[Image-caption web data]
━━━━━━━━━━━━━━━━━━━━
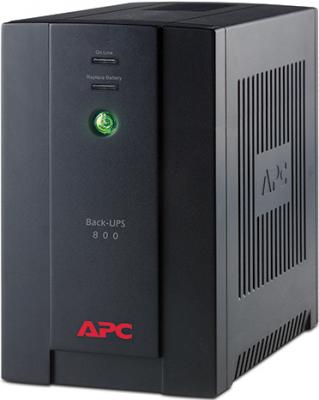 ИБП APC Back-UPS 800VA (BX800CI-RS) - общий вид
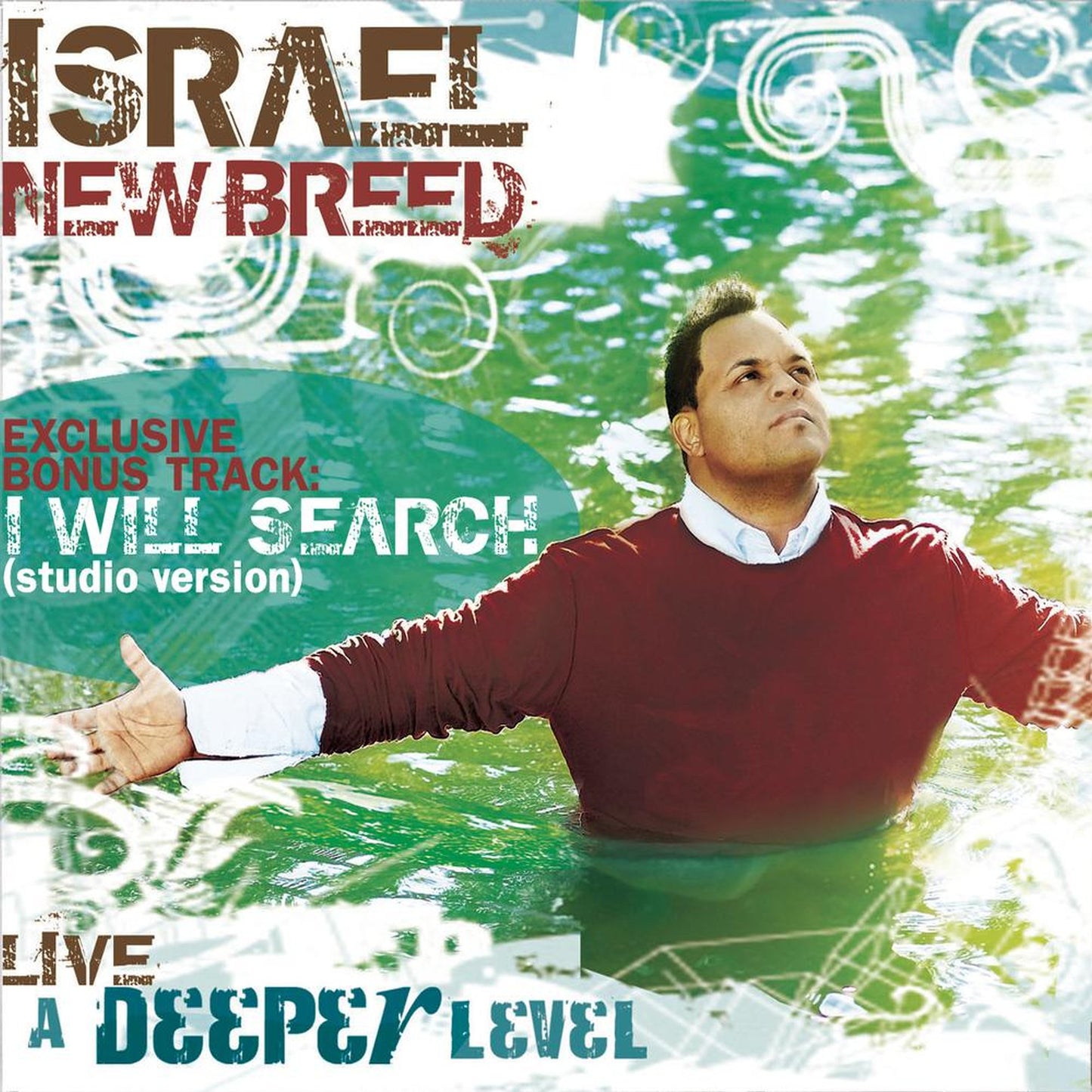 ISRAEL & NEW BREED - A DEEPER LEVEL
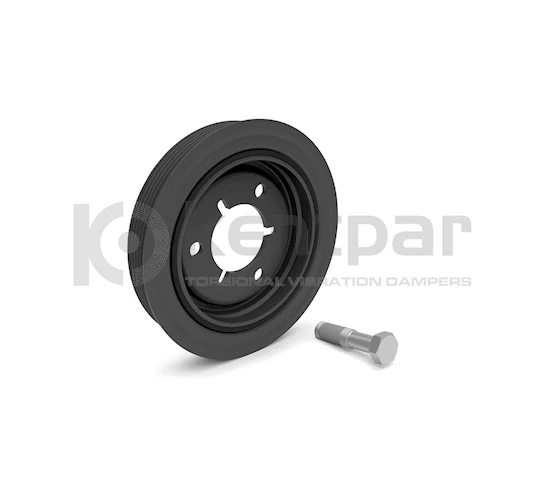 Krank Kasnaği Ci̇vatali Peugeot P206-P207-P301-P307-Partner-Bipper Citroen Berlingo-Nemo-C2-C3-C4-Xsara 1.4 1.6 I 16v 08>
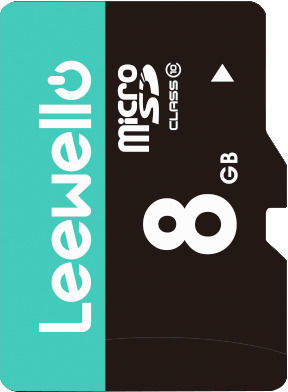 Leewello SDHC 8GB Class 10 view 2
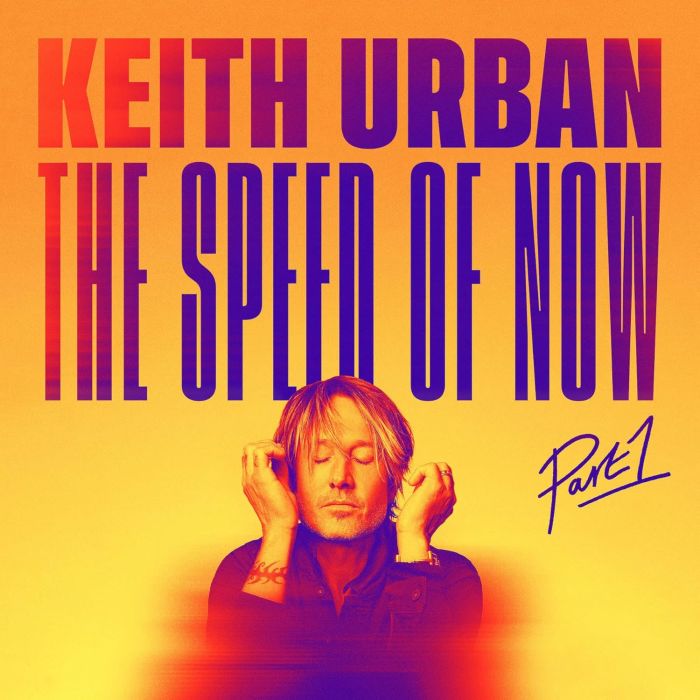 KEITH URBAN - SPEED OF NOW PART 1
━━━━━━━━━━━━━━━━━━━━
Word for word, copy the lines from the one with "ISRAEL & NEW BREED - A DEEPER LEVEL" through the end of the entries above, and do not include any picture.

__SOLVED EXERCISE__:
 ISRAEL & NEW BREED - A DEEPER LEVEL
 Krank Kasnaği Ci̇vatali Peugeot P206-P207-P301-P307-Partner-Bipper Citroen Berlingo-Nemo-C2-C3-C4-Xsara 1.4 1.6 I 16v 08>
 Leewello SDHC 8GB Class 10 view 2
 KEITH URBAN - SPEED OF NOW PART 1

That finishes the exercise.